* What you need to do: The task for the listing below is to write out exactly the lines starting at the one containing "build webinar funnel, automated" and ending at the one containing "Calvin Klein Jeans Tričko - Čierna", both included. Pictures are to be omitted.

* Source data:
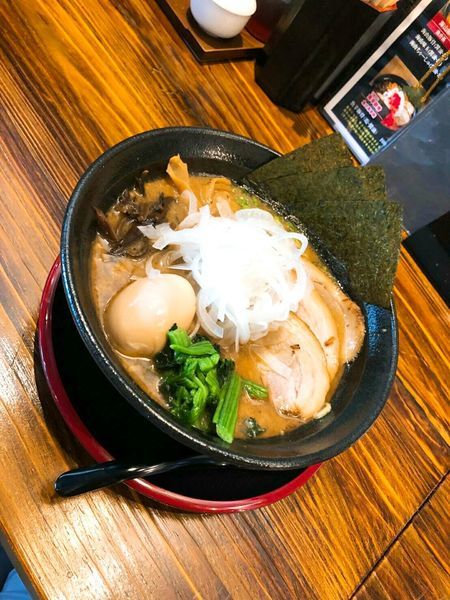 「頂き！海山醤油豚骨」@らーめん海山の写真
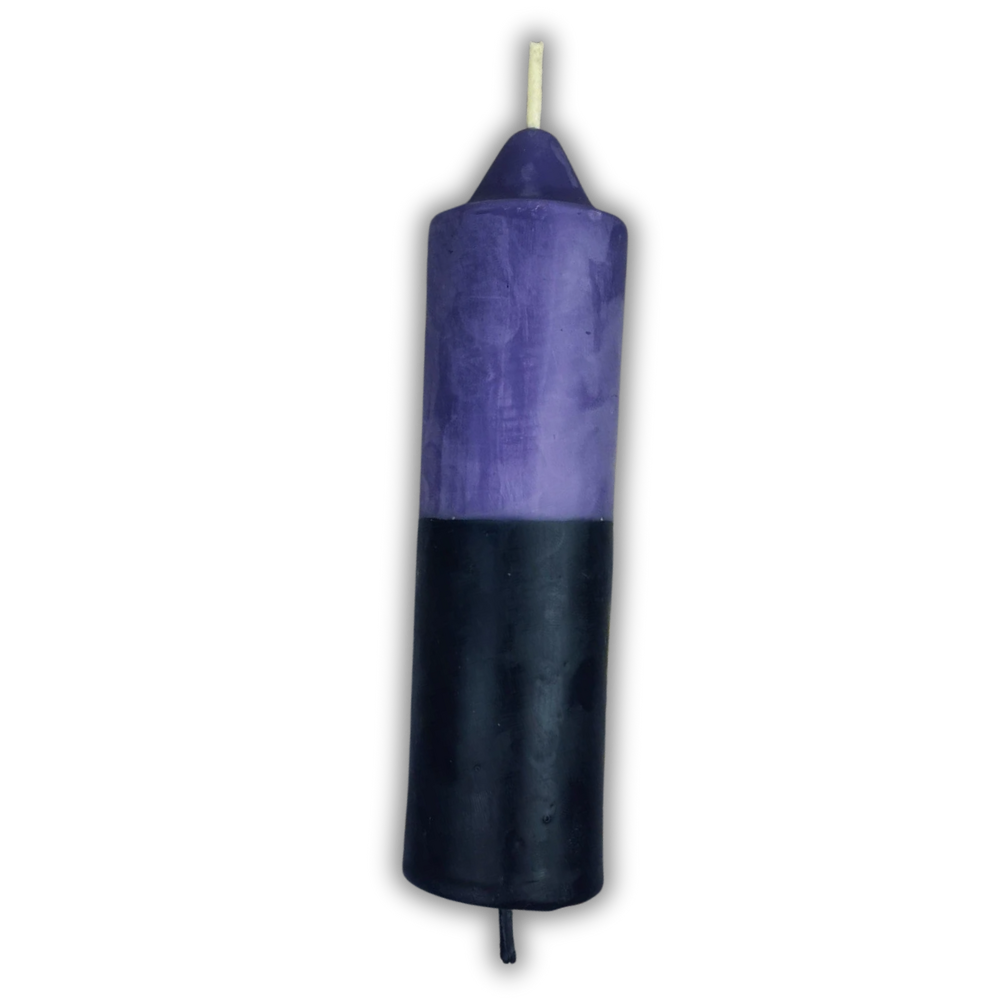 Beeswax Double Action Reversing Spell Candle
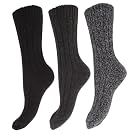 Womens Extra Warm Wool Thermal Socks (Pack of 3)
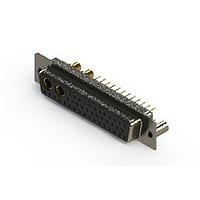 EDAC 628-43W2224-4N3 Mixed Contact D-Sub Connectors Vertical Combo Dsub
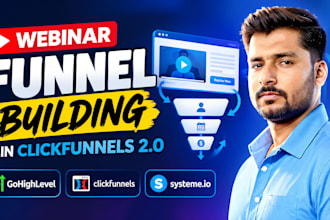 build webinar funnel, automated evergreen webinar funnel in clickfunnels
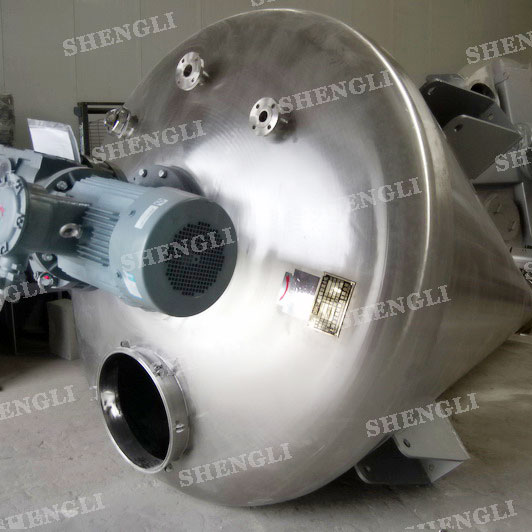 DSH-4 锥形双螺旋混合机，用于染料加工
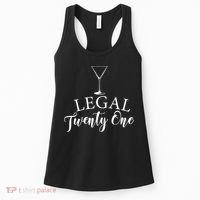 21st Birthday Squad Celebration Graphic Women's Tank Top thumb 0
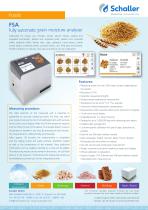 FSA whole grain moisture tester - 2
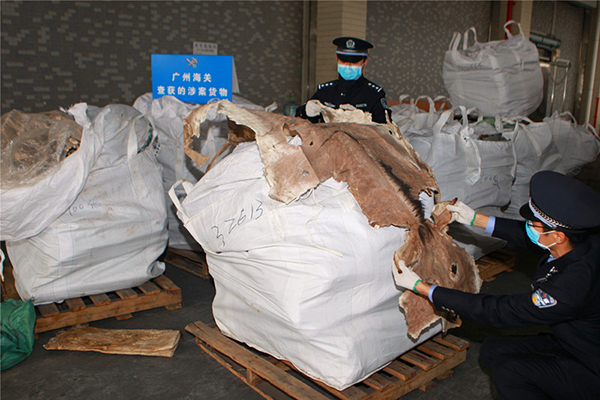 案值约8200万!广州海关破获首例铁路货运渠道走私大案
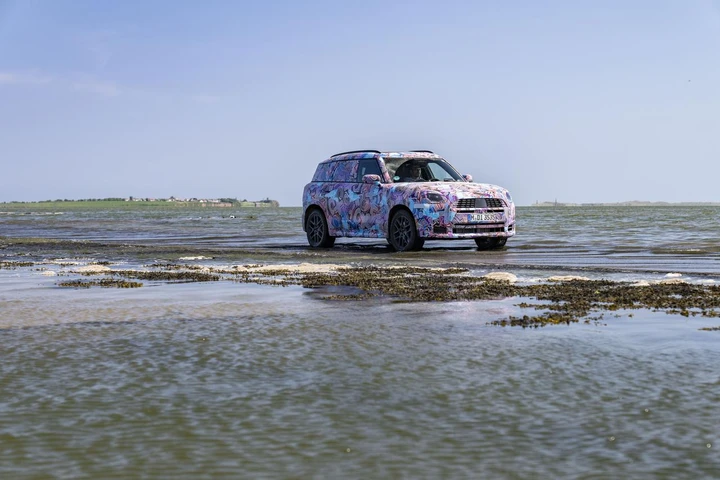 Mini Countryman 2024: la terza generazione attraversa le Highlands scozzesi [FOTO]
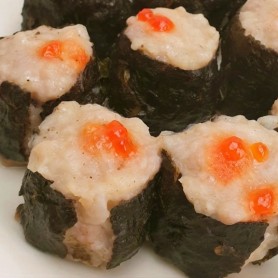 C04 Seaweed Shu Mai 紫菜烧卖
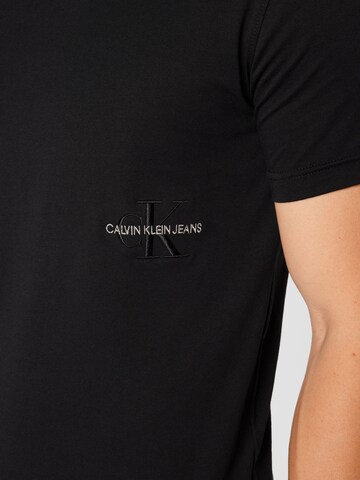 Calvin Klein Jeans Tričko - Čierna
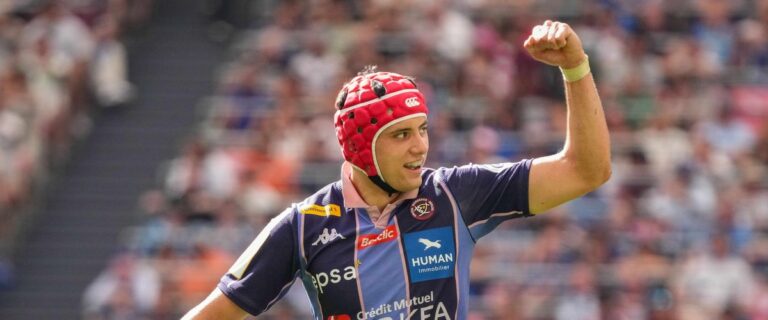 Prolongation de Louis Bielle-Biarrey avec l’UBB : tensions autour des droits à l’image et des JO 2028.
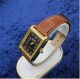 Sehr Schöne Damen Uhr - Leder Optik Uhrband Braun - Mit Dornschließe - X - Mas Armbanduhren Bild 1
* * *
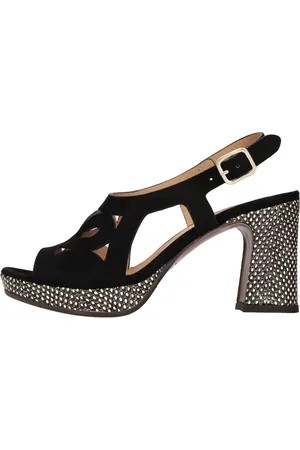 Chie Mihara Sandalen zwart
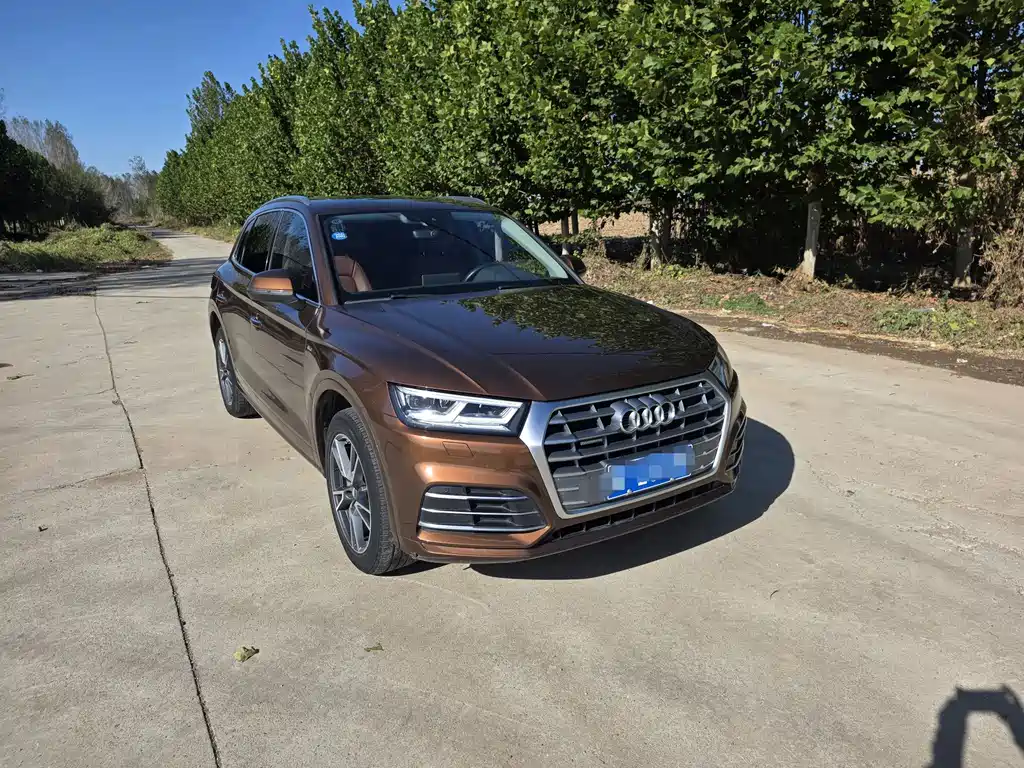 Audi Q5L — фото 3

* Solution for this task:
 build webinar funnel, automated evergreen webinar funnel in clickfunnels
 DSH-4 锥形双螺旋混合机，用于染料加工
 21st Birthday Squad Celebration Graphic Women's Tank Top thumb 0
 FSA whole grain moisture tester - 2
 案值约8200万!广州海关破获首例铁路货运渠道走私大案
 Mini Countryman 2024: la terza generazione attraversa le Highlands scozzesi [FOTO]
 C04 Seaweed Shu Mai 紫菜烧卖
 Calvin Klein Jeans Tričko - Čierna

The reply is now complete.